## Task requirements
Starting at the line that holds "Rawlings Gold Collection", restate every line word for word up to and including the last one in the listing below, and omit all pictures.

## Given records
◇ ◇ ◇ ◇
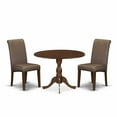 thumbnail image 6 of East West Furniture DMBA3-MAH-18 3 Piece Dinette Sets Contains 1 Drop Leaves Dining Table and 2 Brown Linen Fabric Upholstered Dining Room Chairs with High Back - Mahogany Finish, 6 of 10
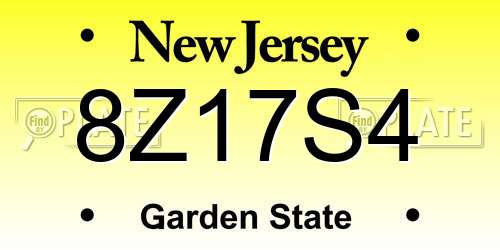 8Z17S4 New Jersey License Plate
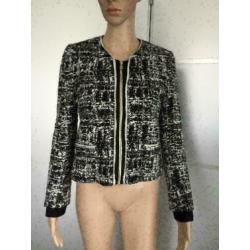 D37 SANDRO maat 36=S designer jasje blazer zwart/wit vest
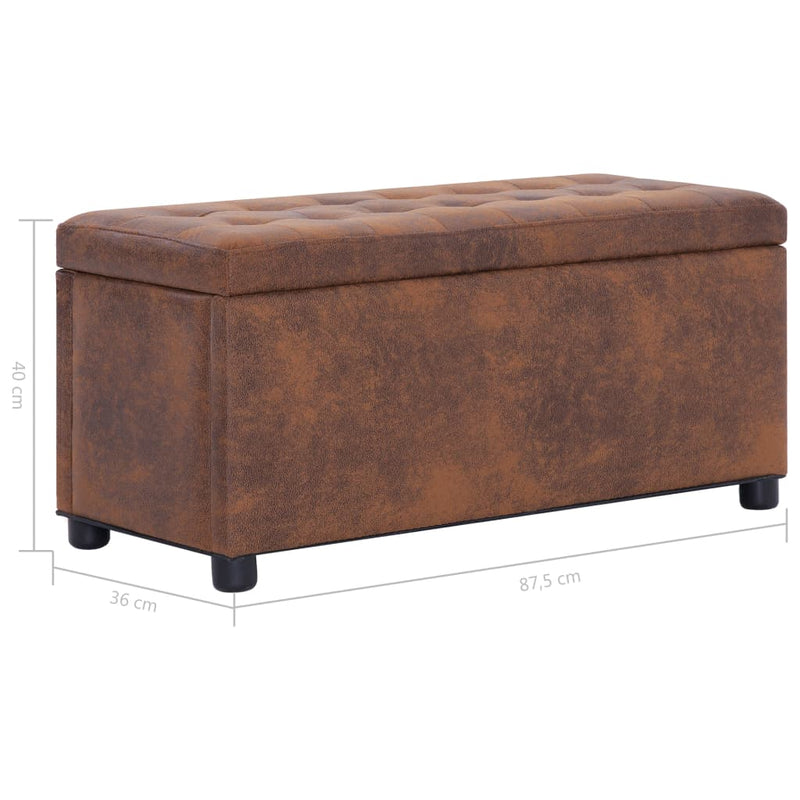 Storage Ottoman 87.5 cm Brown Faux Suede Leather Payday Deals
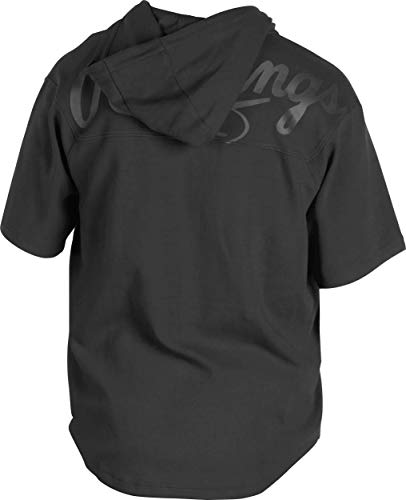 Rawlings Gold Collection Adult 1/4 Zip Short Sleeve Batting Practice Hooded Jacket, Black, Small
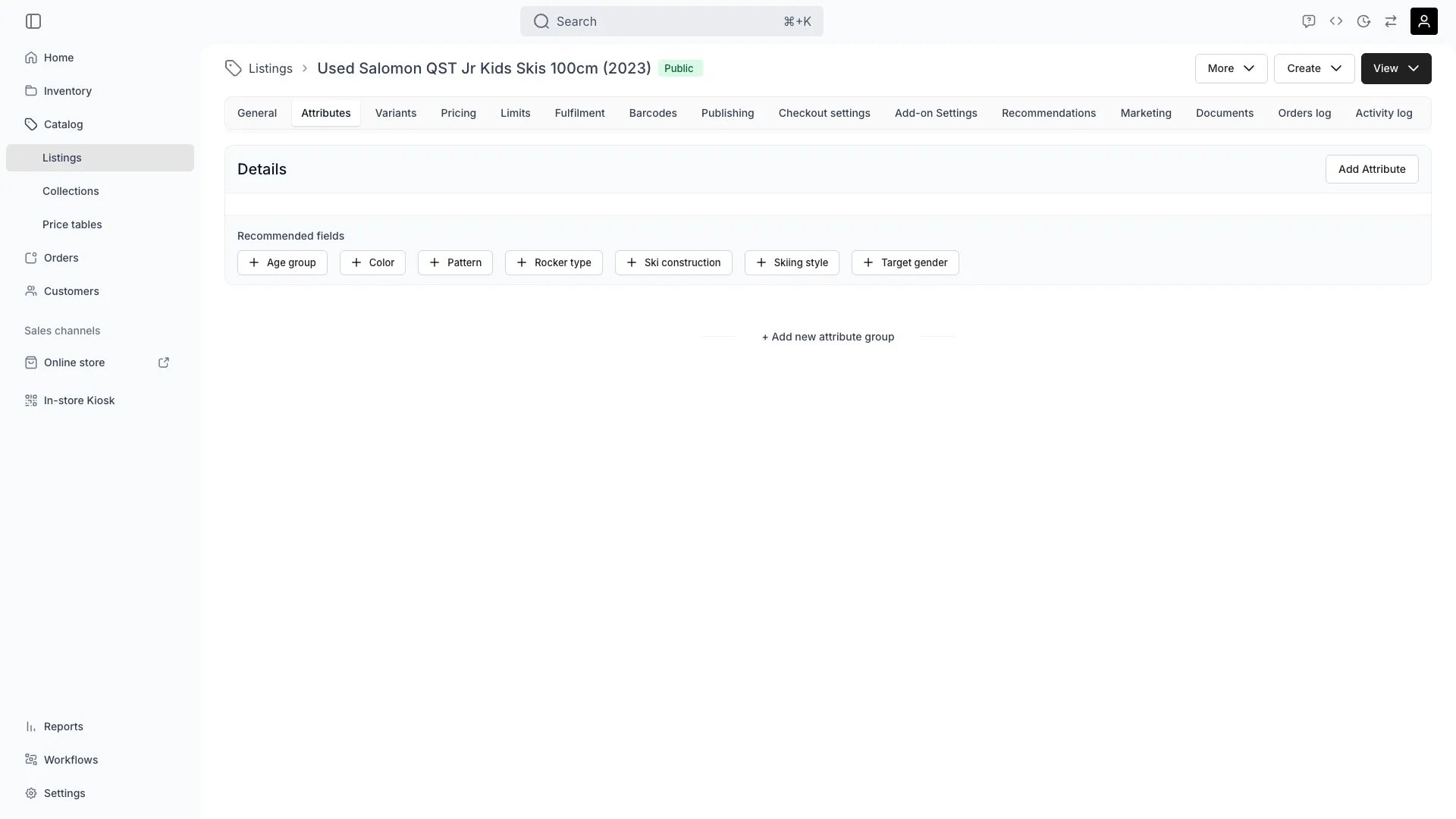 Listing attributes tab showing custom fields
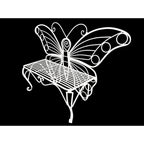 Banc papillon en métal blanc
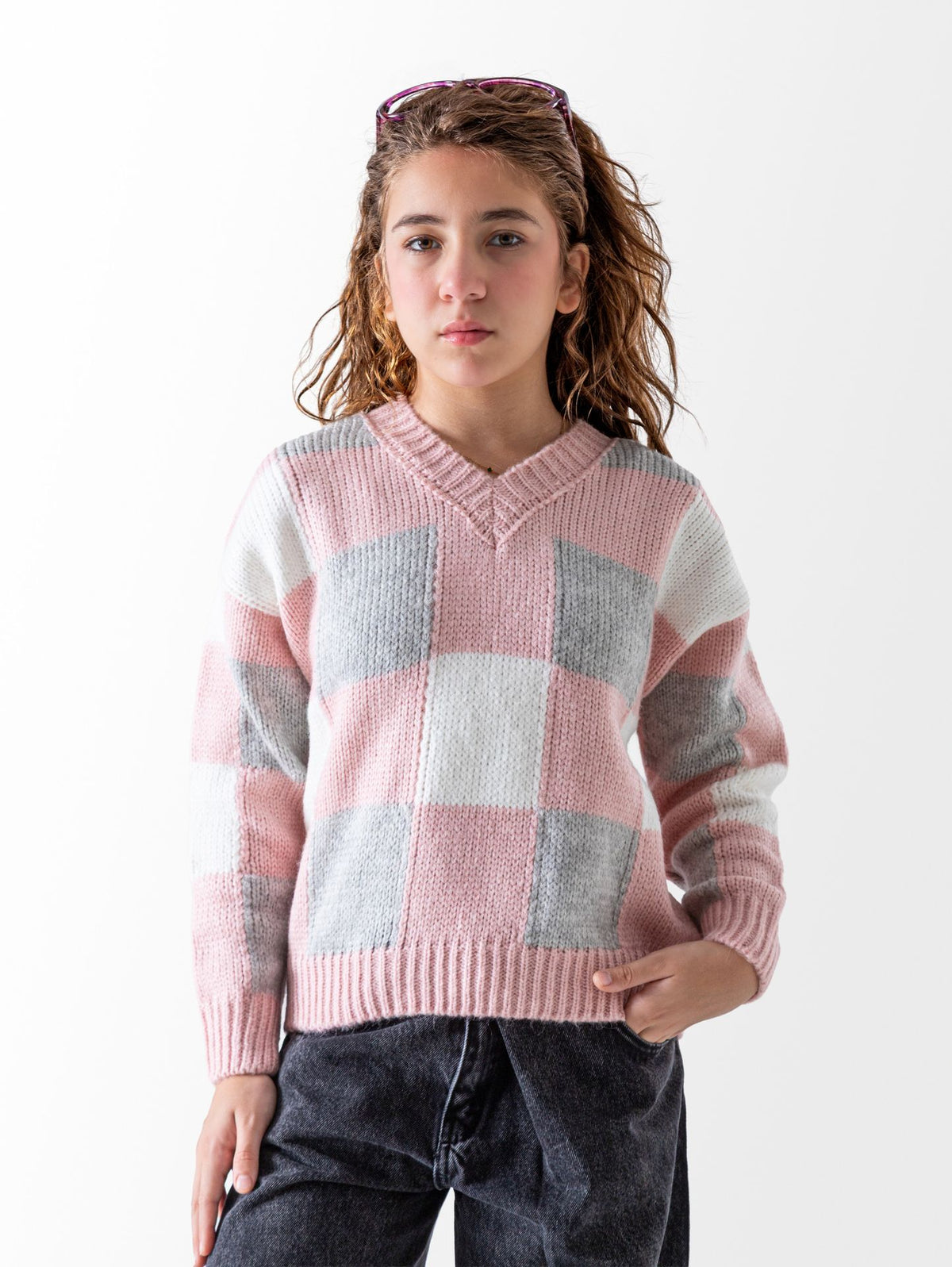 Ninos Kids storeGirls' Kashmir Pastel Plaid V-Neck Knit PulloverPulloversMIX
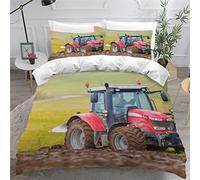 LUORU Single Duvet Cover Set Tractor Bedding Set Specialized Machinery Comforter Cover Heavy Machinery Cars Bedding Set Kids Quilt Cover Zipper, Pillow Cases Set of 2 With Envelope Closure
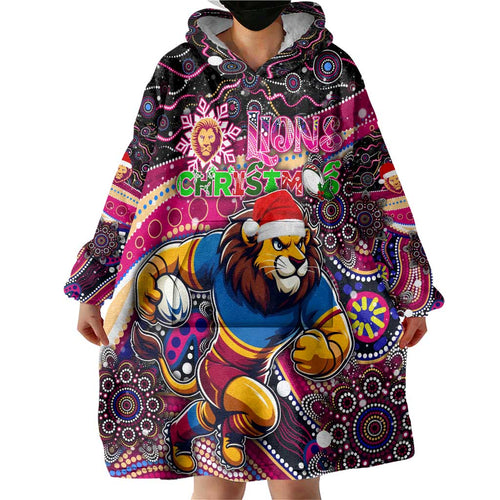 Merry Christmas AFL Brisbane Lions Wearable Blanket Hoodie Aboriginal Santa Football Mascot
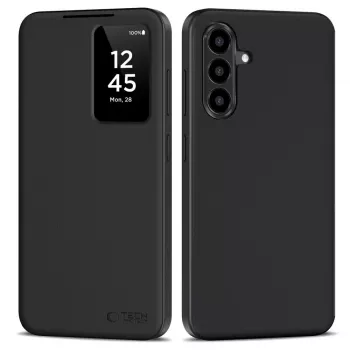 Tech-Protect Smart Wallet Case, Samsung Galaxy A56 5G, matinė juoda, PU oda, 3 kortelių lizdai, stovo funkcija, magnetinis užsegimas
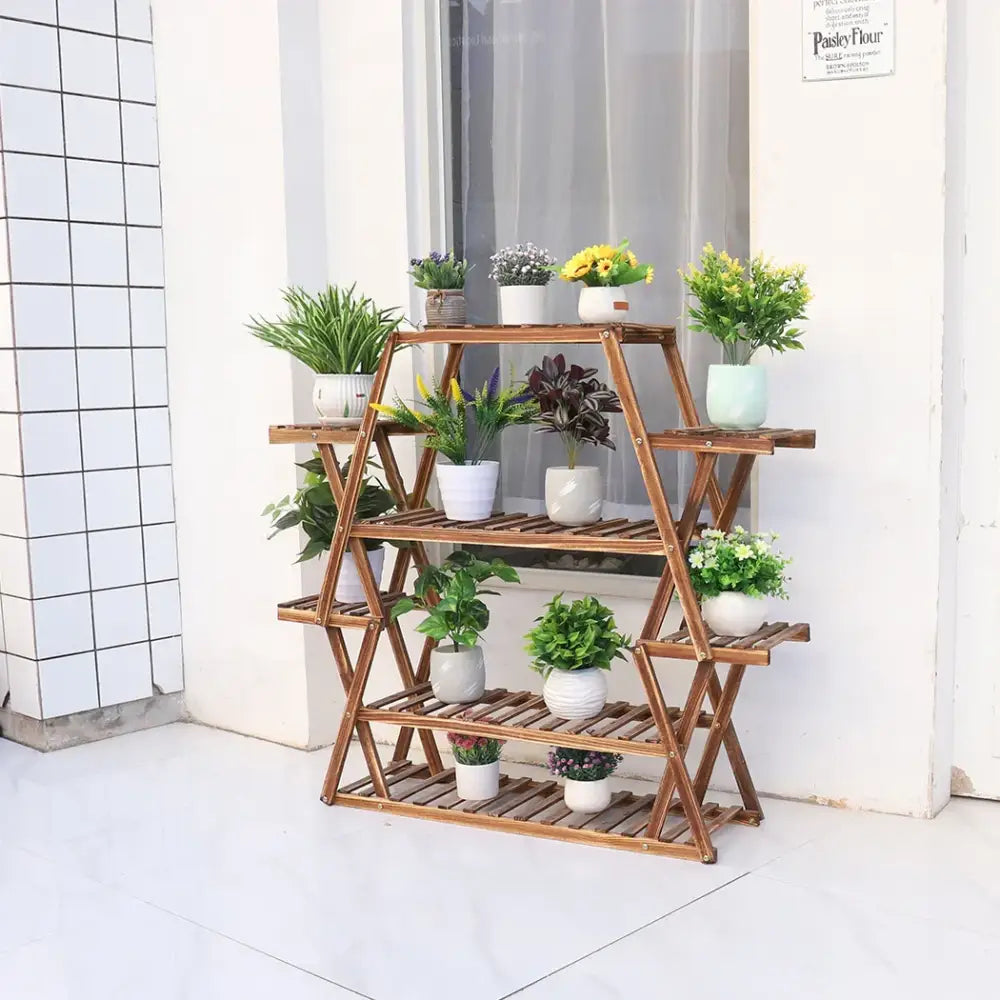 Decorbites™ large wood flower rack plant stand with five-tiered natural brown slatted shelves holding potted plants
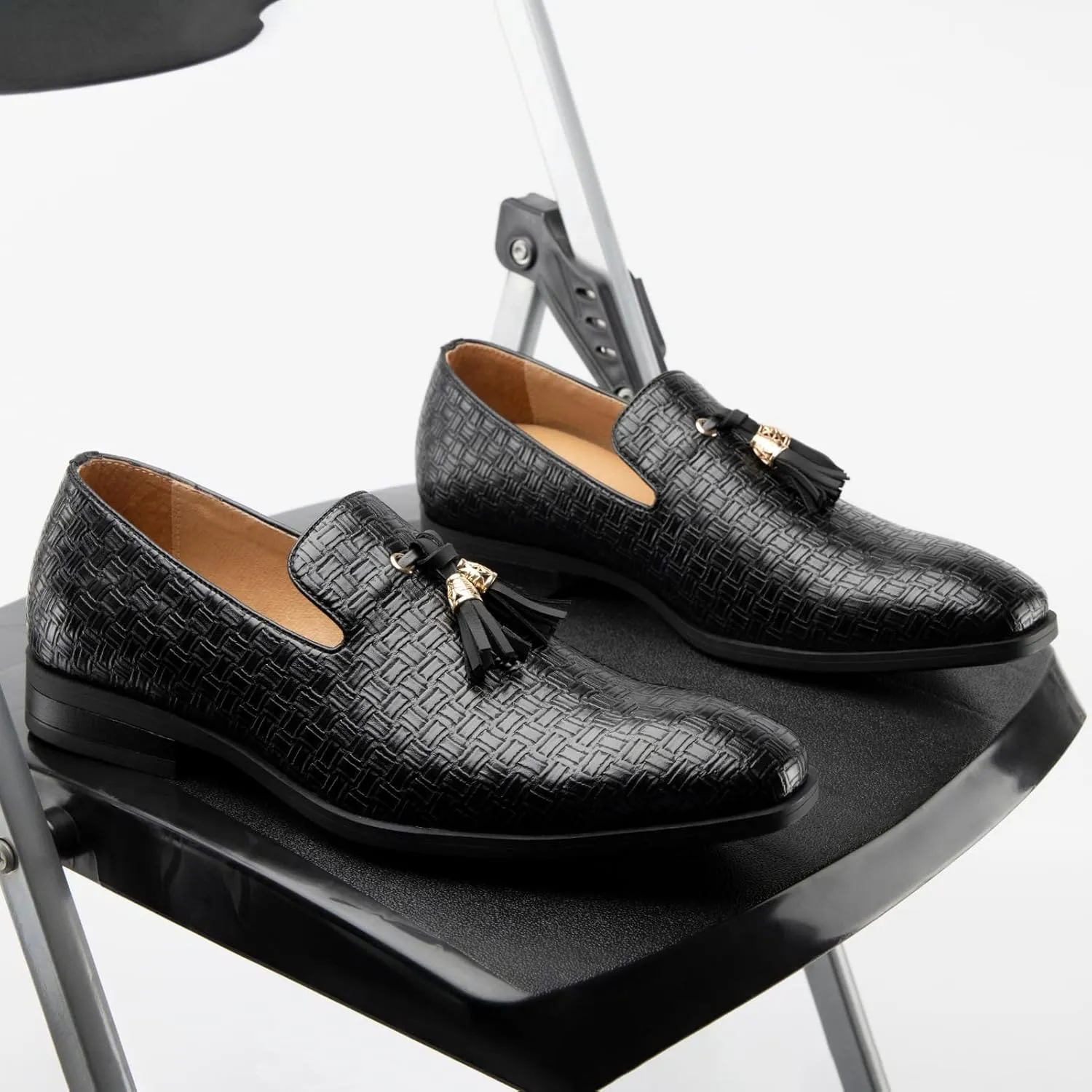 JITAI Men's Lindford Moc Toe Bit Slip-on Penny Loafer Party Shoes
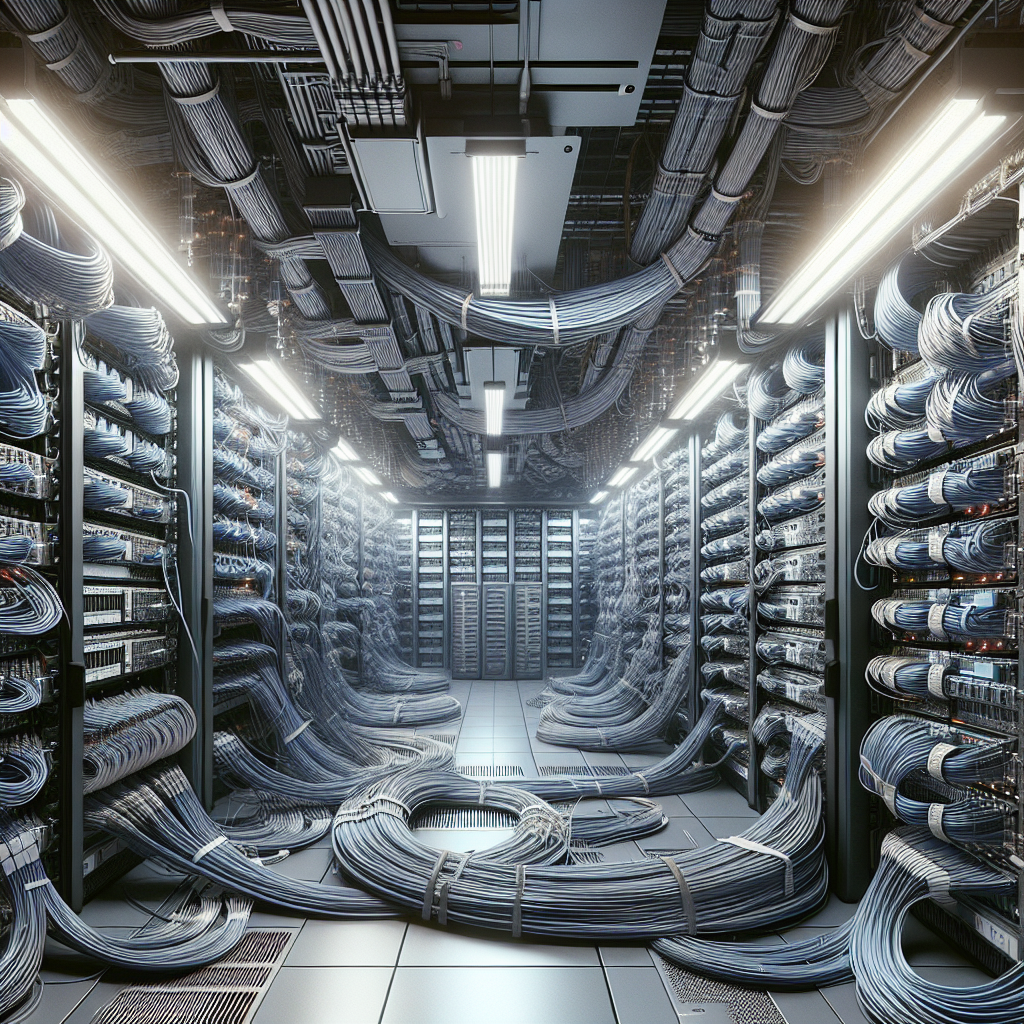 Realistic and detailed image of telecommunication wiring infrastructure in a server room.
◇ ◇ ◇ ◇
## Output of the task
 Rawlings Gold Collection Adult 1/4 Zip Short Sleeve Batting Practice Hooded Jacket, Black, Small
 Listing attributes tab showing custom fields
 Banc papillon en métal blanc
 Ninos Kids storeGirls' Kashmir Pastel Plaid V-Neck Knit PulloverPulloversMIX
 LUORU Single Duvet Cover Set Tractor Bedding Set Specialized Machinery Comforter Cover Heavy Machinery Cars Bedding Set Kids Quilt Cover Zipper, Pillow Cases Set of 2 With Envelope Closure
 Merry Christmas AFL Brisbane Lions Wearable Blanket Hoodie Aboriginal Santa Football Mascot
 Tech-Protect Smart Wallet Case, Samsung Galaxy A56 5G, matinė juoda, PU oda, 3 kortelių lizdai, stovo funkcija, magnetinis užsegimas
 Decorbites™ large wood flower rack plant stand with five-tiered natural brown slatted shelves holding potted plants
 JITAI Men's Lindford Moc Toe Bit Slip-on Penny Loafer Party Shoes
 Realistic and detailed image of telecommunication wiring infrastructure in a server room.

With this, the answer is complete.